严重疾病对话(SIC)是一种基于证据的方法,可以引出患者的价值观、目标和护理偏好,从而改善患者的结局。然而,大多数癌症患者在没有记录 SIC 的情况下死亡。以行为经济学为基础的临床医生指导实施策略(“推动”),识别高危患者,已显示出在增加临床医生记录 SIC 方面的前景。目前尚不清楚针对患者的推动措施是否可以单独或与临床医生的推动措施结合使用,这些推动措施除了与同行进行绩效比较外,还可以将重点放在完成 SIC 上,从而提高这种方法的效果。我们的目标是测试临床医生和患者指导推动措施作为增加癌症患者完成 SIC 的实施策略的效果。

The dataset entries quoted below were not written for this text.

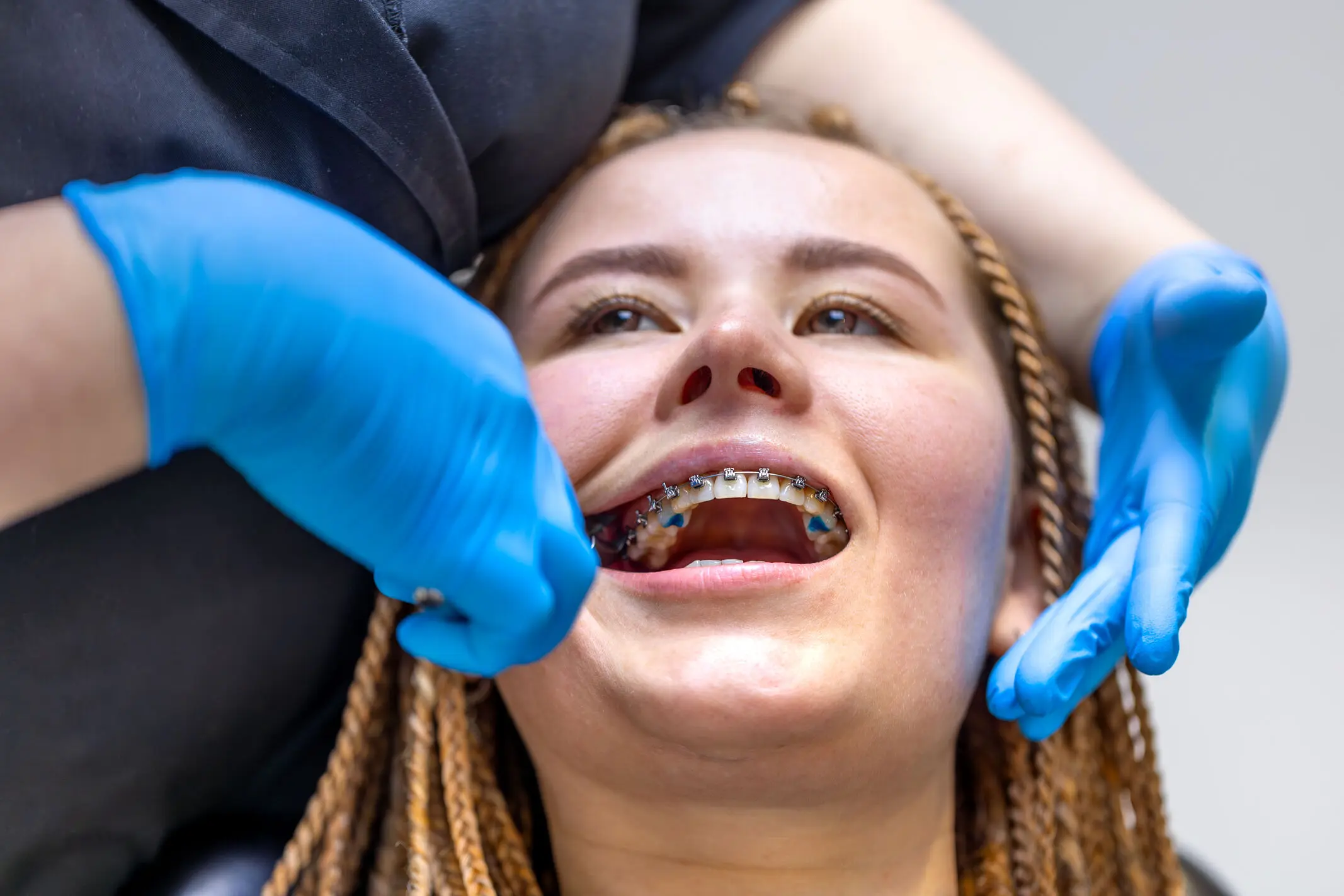 Teeth Straightening London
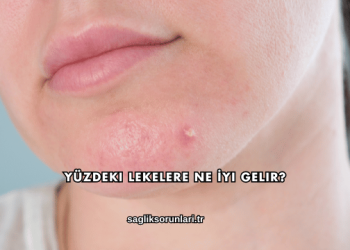 Yüzdeki Lekelere Ne İyi Gelir?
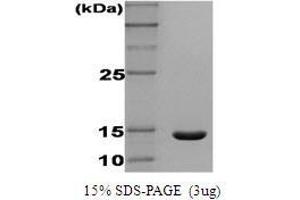 Figure annotation denotes ug of protein loaded and % gel used. (Interferon gamma Protein (IFNG))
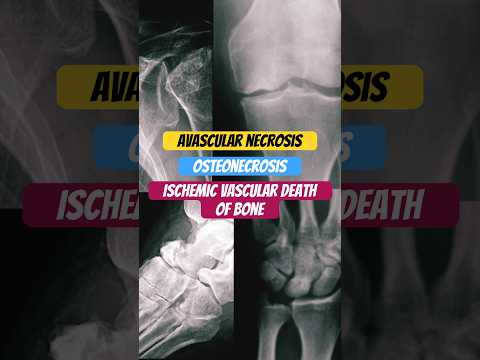 Avascular Necrosis #bones #anatomy #doctor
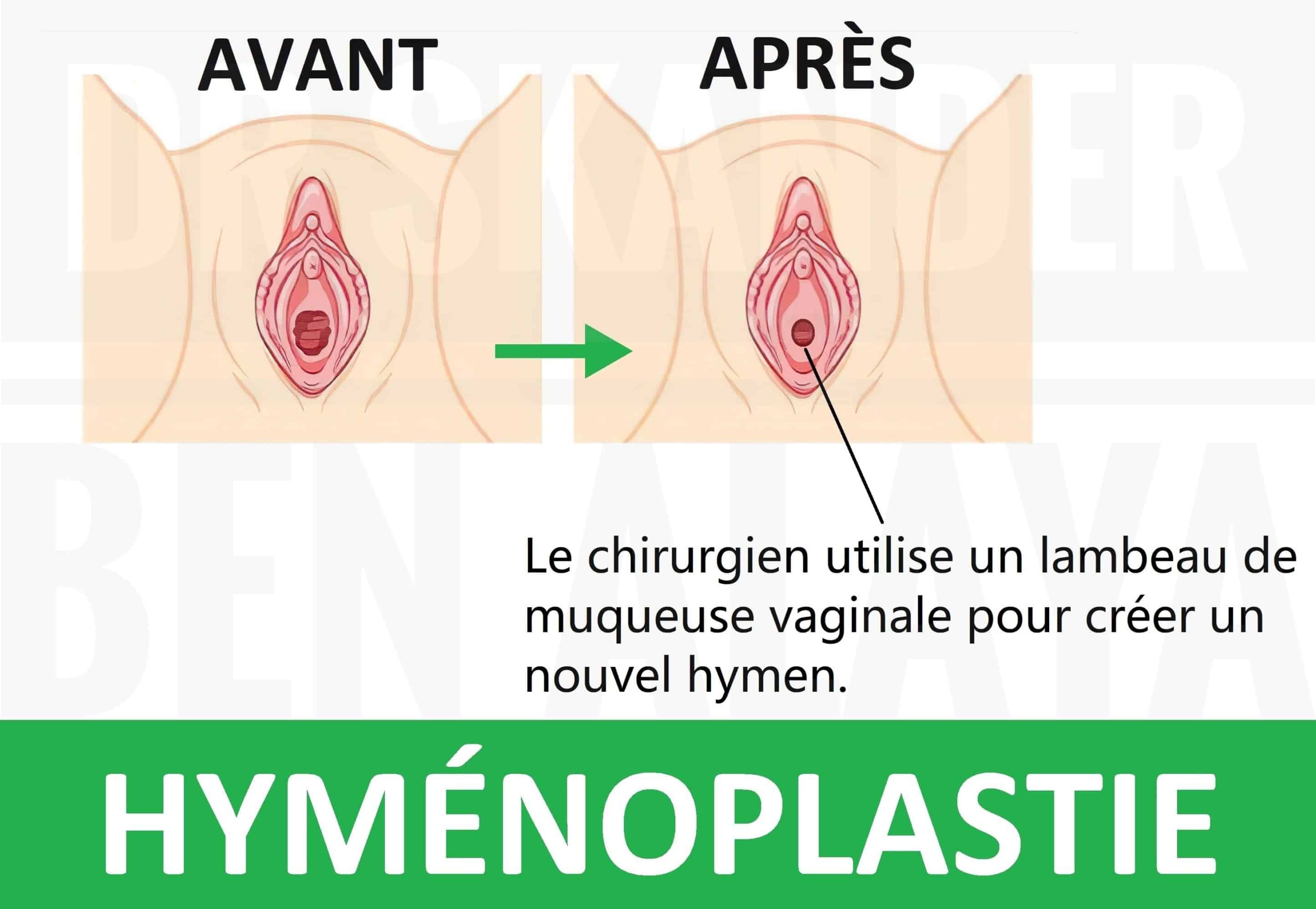 Une hyménoplastie est une opération qui vise la reconstruction définitive de l'hymen déchiré.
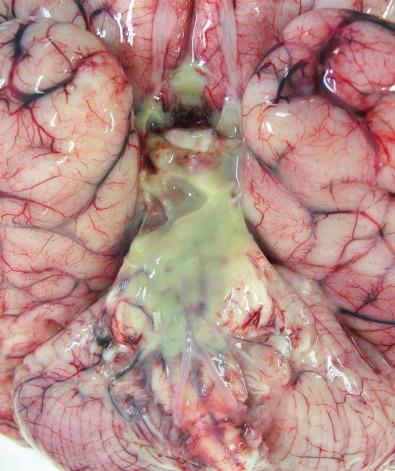 Fig. 23.13, Basilar fungal meningitis due to C. immitis infection may result in thick, greenish exudates.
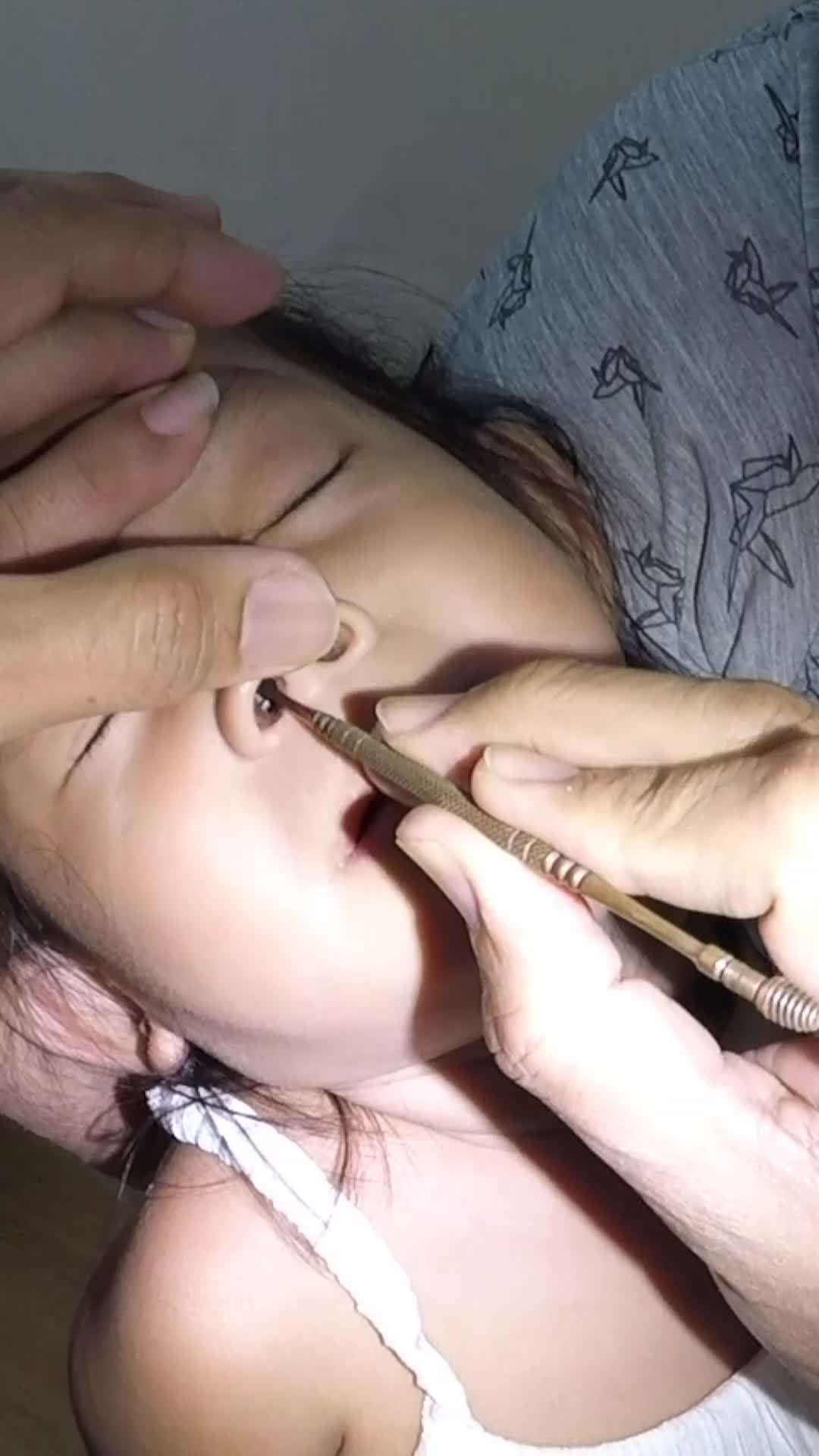@TheEarwaxSpecialist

我们将进行一项 2×2 析因、聚类随机实用试验,以测试与常规护理相比,针对临床医生、患者或两者的推动措施对 SIC 完成的影响。参与者将包括在一家大型学术医疗系统的十个地点工作的 166 名医学和妇科肿瘤学临床医生及其大约 5500 名高危患者,这些患者根据经过验证的机器学习预测算法预测在 6 个月内死亡的风险较高。数据将通过电子病历、临床医生调查以及对临床医生和患者进行半结构化访谈获得。主要结果是高危患者的 SIC 记录时间。次要结果将包括所有患者的 SIC 记录时间(评估溢出效应)、高危患者的姑息治疗转介,以及高危死亡者的积极临终关怀利用(包括死亡前 14 天内的化疗、死亡前 30 天内的住院治疗或死亡前 3 天内的入院治疗)。我们将评估实施策略效果的调节因素,并对部分临床医生和患者进行半结构化访谈,以评估影响推动措施效果的背景因素,以期关注健康公平。
这将是第一项评估针对癌症患者促进 SIC 完成的临床医生和患者指导推动措施的实用试验。我们预计该研究将深入了解临床医生和患者推动措施作为提高 SIC 率的实施策略的有效性,并揭示推动这些策略的多层次背景因素。
ClinicalTrials.gov,NCT04867850。注册于 2021 年 4 月 30 日。
美国国立癌症研究所 P50CA244690。